- **Source data**:
☆ ☆ ☆ ☆
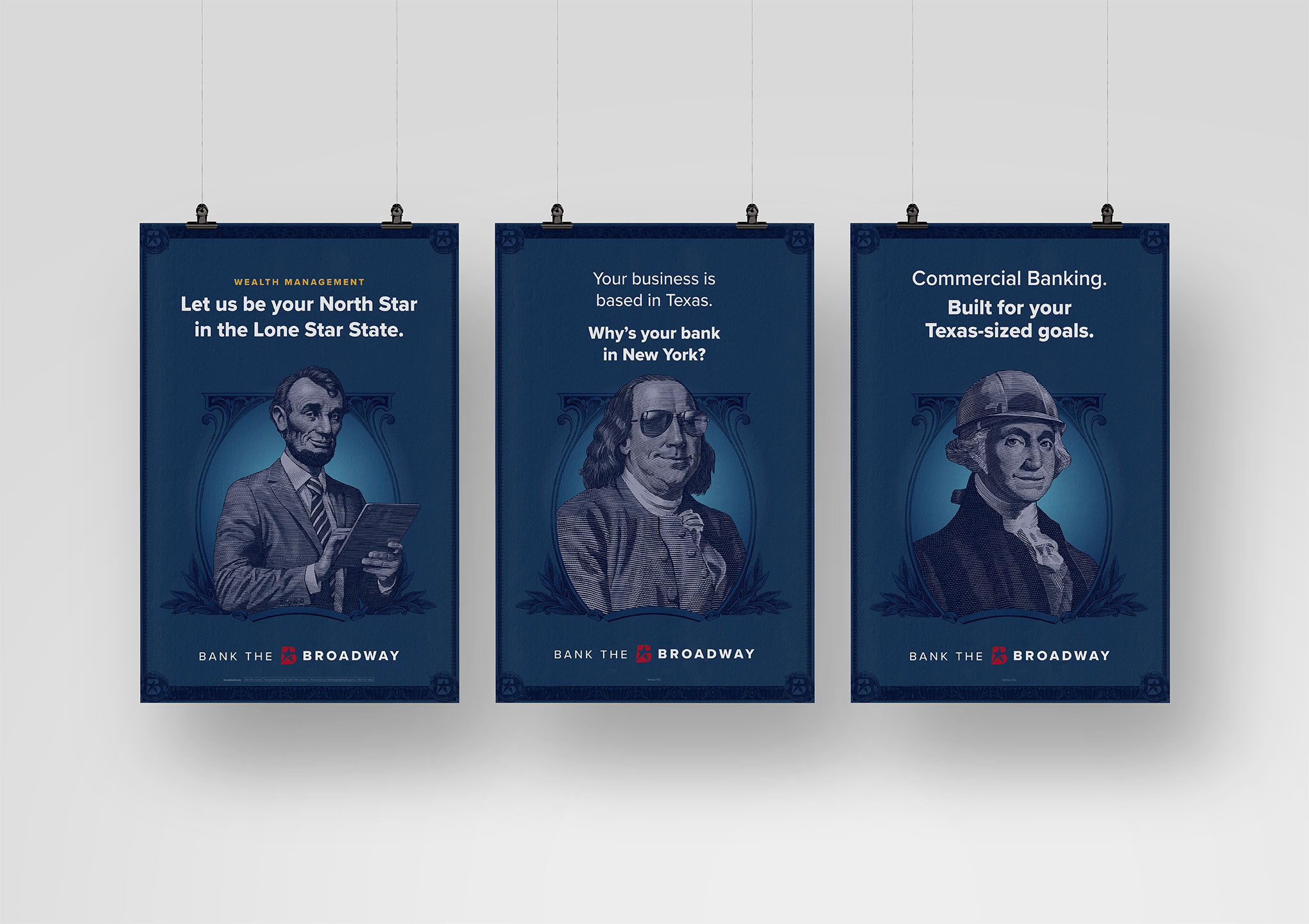 Three promotional posters featuring historical figures discussing banking services, with a focus on Texas for business and wealth management.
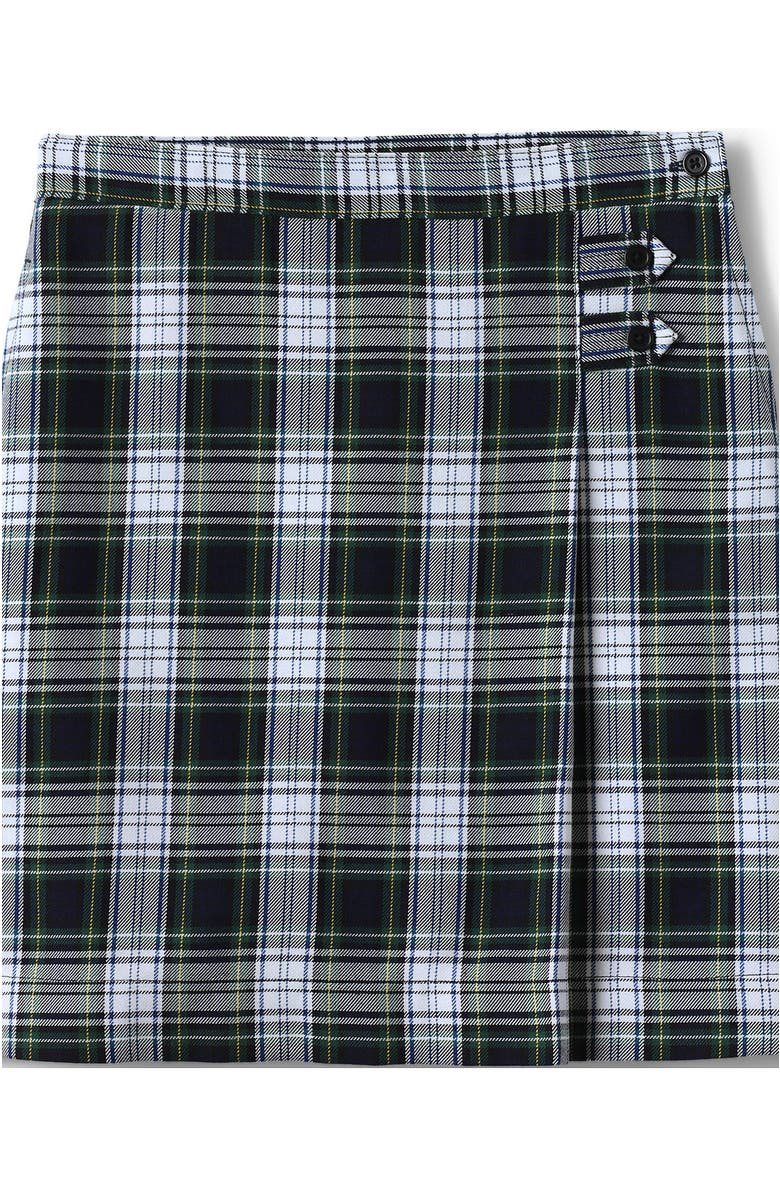 Lands' End School Uniform Girls Slim Side Pleat Plaid Skort Above Knee, Alternate, color, White Plaid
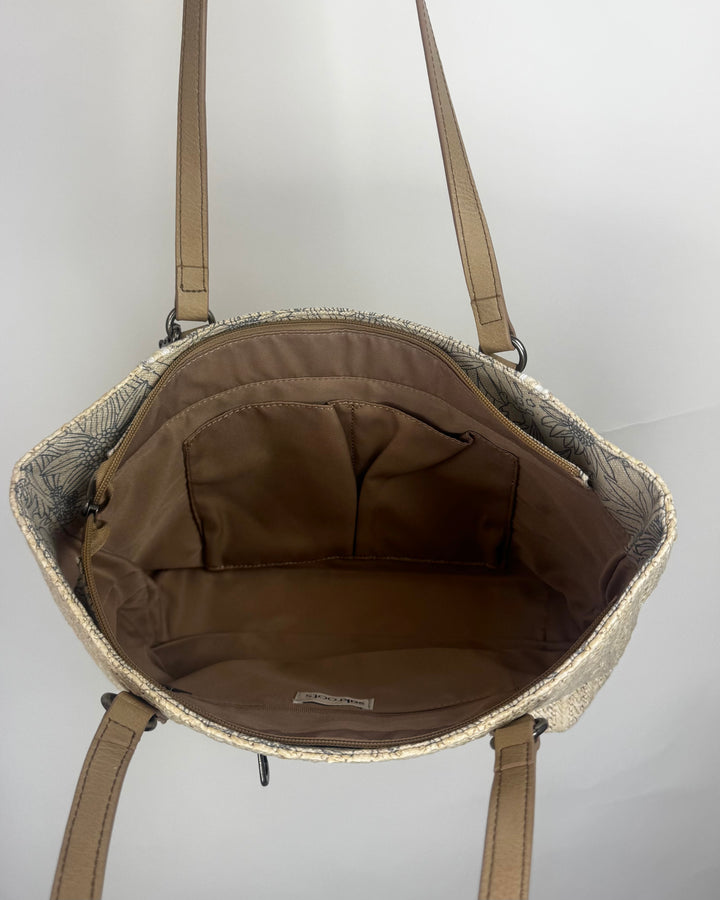 Tan and Blue Woven Sunflower Tote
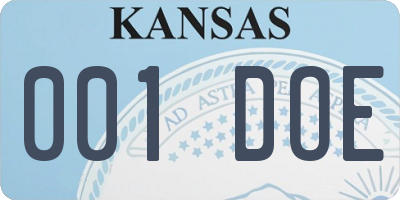 KS license plate 001DOE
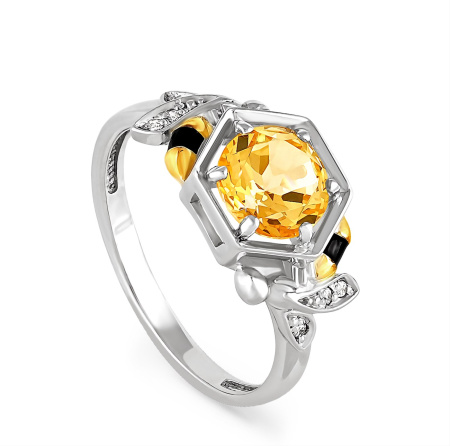 Серебряное кольцо с фианитом и цитрином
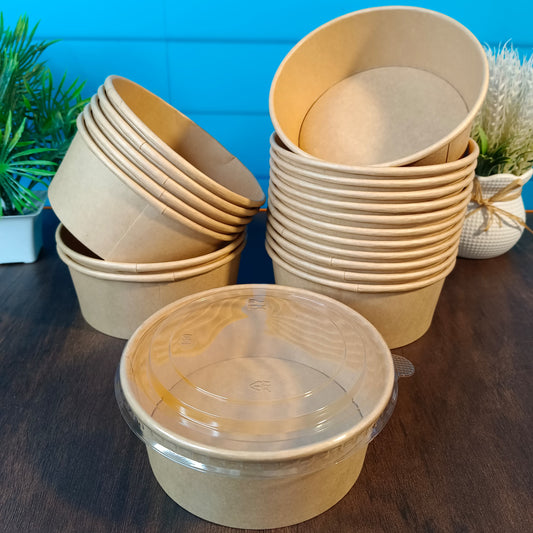 Round Kraft Containers with lids 5.5x2.75''ht
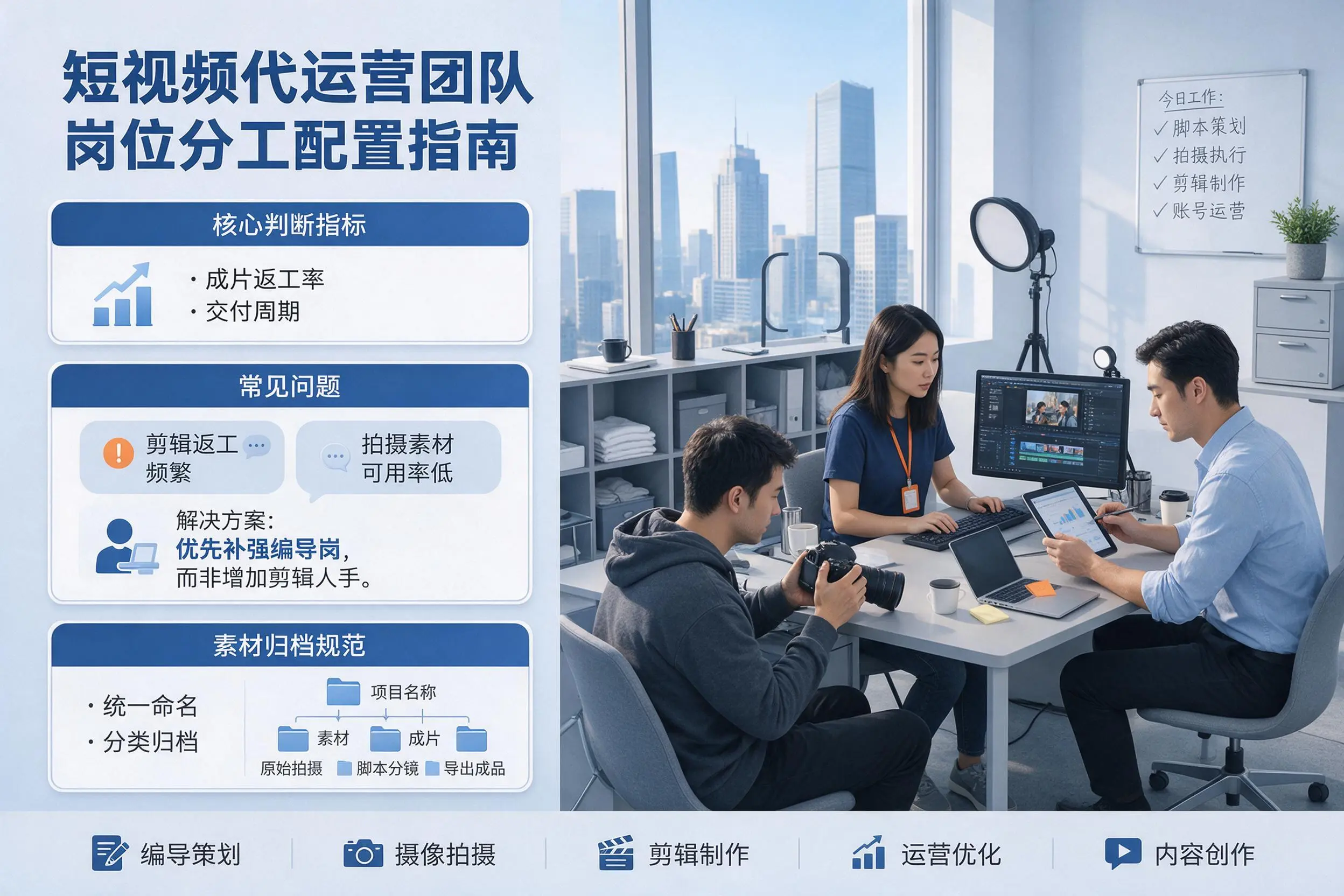 短视频代运营团队如何配置?四平企业岗位分工科普说明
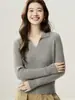 Nueva colección de otoño e invierno: Suéter ligero y lujoso de 100% cachemir puro para mujer, con cuello alto, manga larga, tejido de ochos, capa base de punto liso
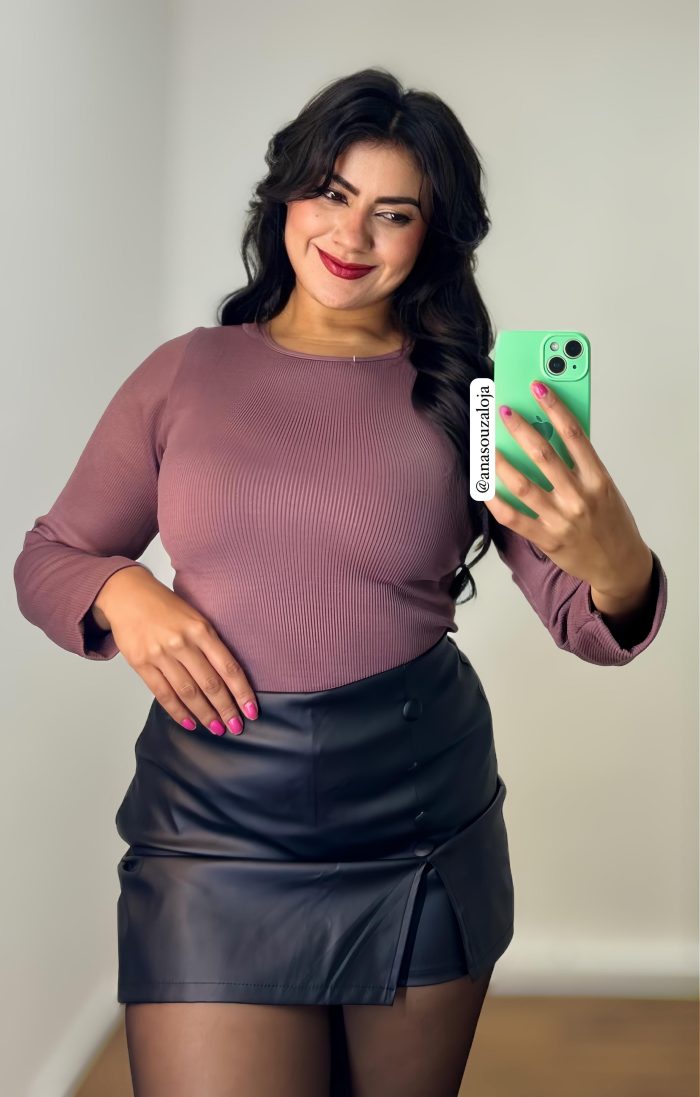 blusa termica canelada violeta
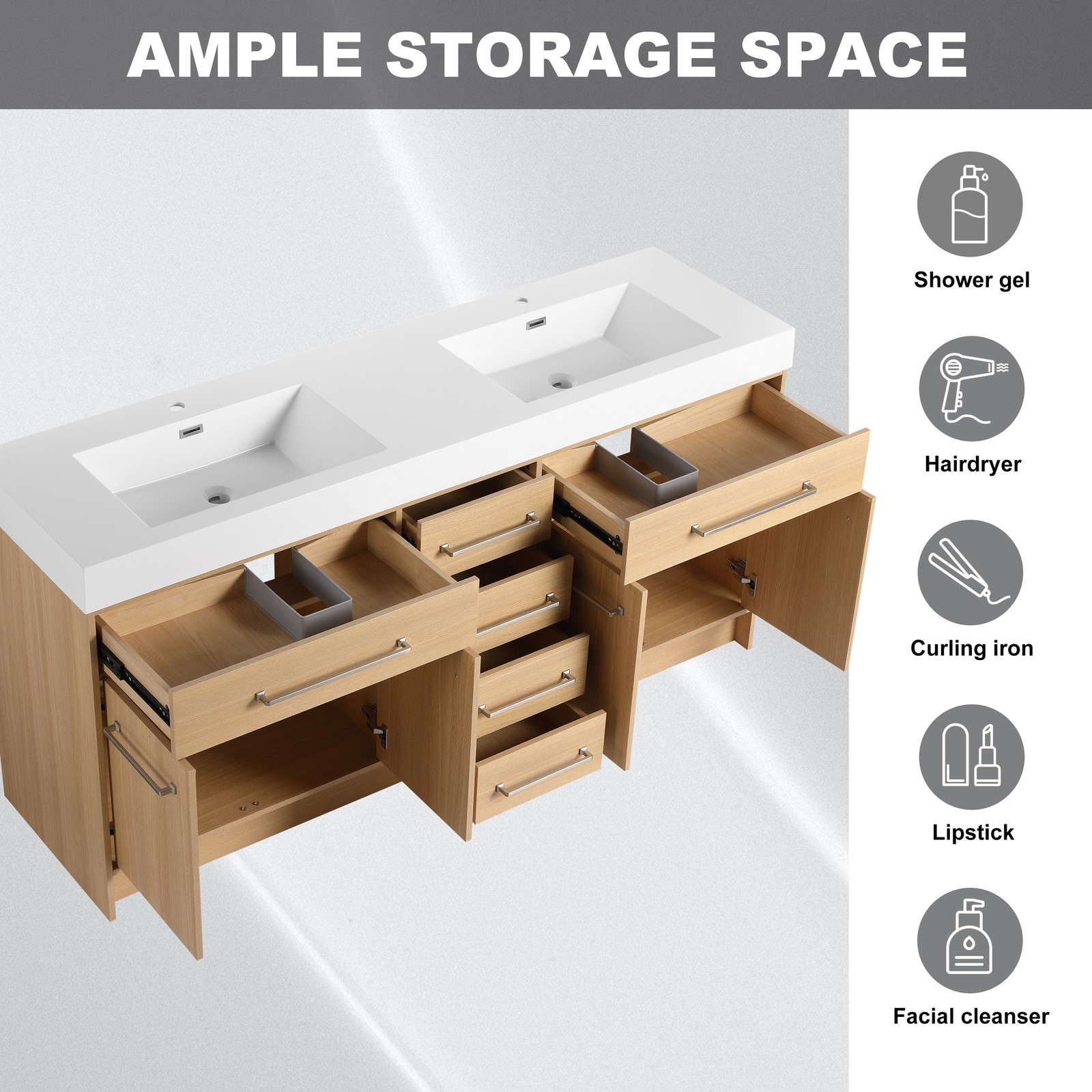 72 in Plywood Bathroom Vanity Freestanding W/Double Resin Sink+4 Doors 6 Drawers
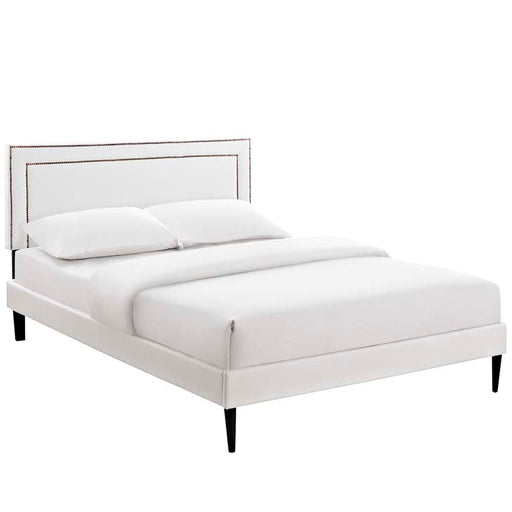 Jessamine Queen Vinyl Platform Bed with Round Tapered Legs 5620-WHI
☆ ☆ ☆ ☆
- **ASSIGNED TASK**:
Exactly the lines from the one that contains "Серебряное кольцо с фианитом и цитрином" through the last line of the records should be set down, and the pictures should be dropped.

- **TASK OUTPUT**:
 Серебряное кольцо с фианитом и цитрином
 Round Kraft Containers with lids 5.5x2.75''ht
 短视频代运营团队如何配置?四平企业岗位分工科普说明
 Nueva colección de otoño e invierno: Suéter ligero y lujoso de 100% cachemir puro para mujer, con cuello alto, manga larga, tejido de ochos, capa base de punto liso
 blusa termica canelada violeta
 72 in Plywood Bathroom Vanity Freestanding W/Double Resin Sink+4 Doors 6 Drawers
 Jessamine Queen Vinyl Platform Bed with Round Tapered Legs 5620-WHI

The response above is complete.